* WORK INSTRUCTION
Without the images, reproduce each line of the material exactly.

* EXERCISE DATA
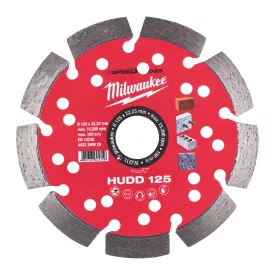   Milwaukee SPEEDCROSS HUDD 125 gyémánt vágótárcsa 125x22,23mm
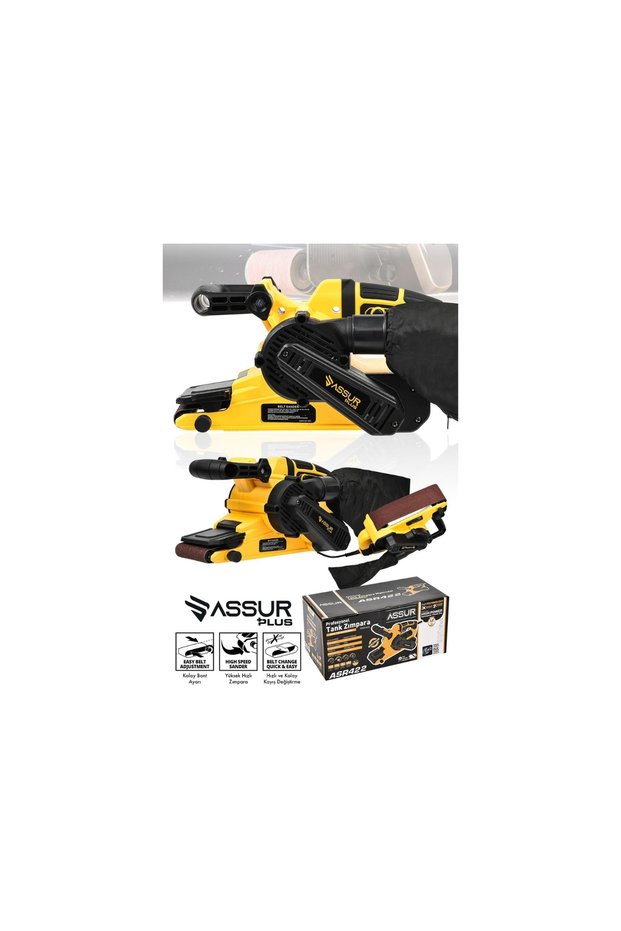 Assur Asr422 Plus 900W Electric Vacuum Dust-Free Polisher Featured Tank Sander Ecu20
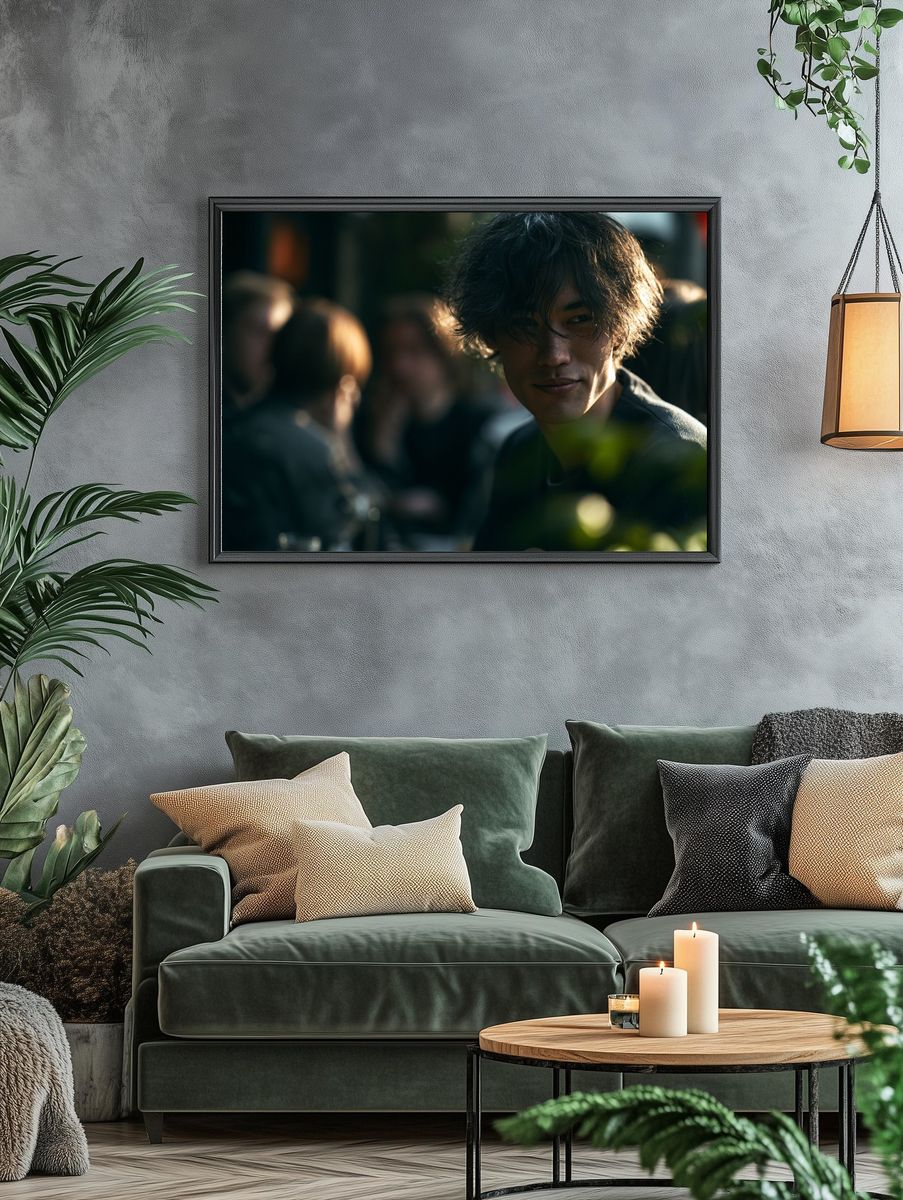 Moody Portrait Photography Poster. — room view 4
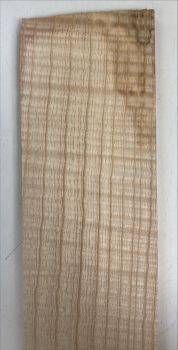 Fretboard Esche flamed Caramel 540x74x9mm Unique Piece #002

* EXPECTED ANSWER
   Milwaukee SPEEDCROSS HUDD 125 gyémánt vágótárcsa 125x22,23mm
 Assur Asr422 Plus 900W Electric Vacuum Dust-Free Polisher Featured Tank Sander Ecu20
 Moody Portrait Photography Poster. — room view 4
 Fretboard Esche flamed Caramel 540x74x9mm Unique Piece #002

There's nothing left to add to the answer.